*TASK TO CARRY OUT*: Nothing but the lines below from the one that contains "wholesale from D ..." through the one that contains "Boutique Hotel Am Markt Melle Exterior photo" should be retyped, exactly and including both ends. Do not include pictures.

*TASK INPUT*:
::::

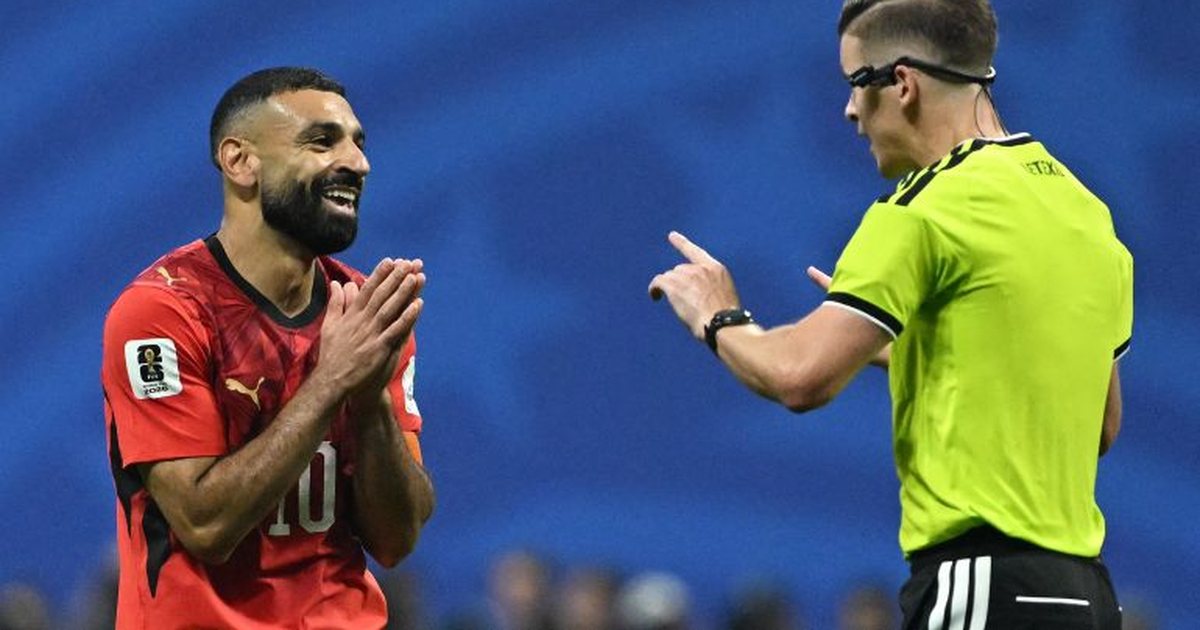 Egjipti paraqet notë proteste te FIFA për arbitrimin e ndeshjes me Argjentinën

::::

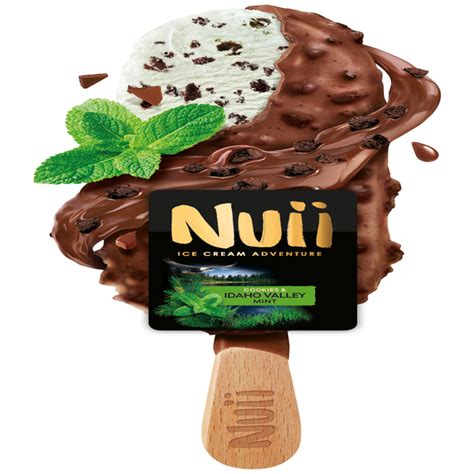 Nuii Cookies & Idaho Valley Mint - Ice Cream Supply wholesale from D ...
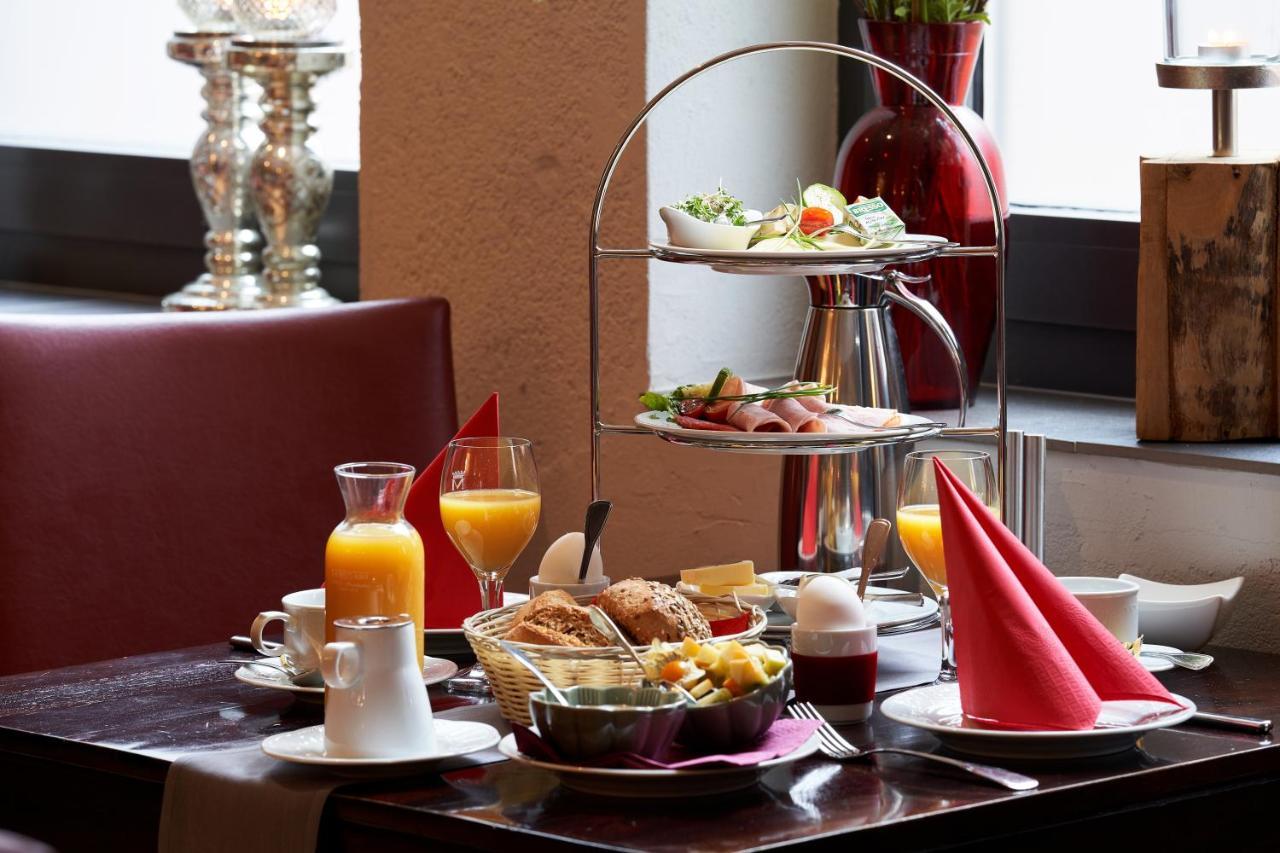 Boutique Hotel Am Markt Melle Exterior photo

::::

*WRITTEN REPLY*:
 Nuii Cookies & Idaho Valley Mint - Ice Cream Supply wholesale from D ...
 Boutique Hotel Am Markt Melle Exterior photo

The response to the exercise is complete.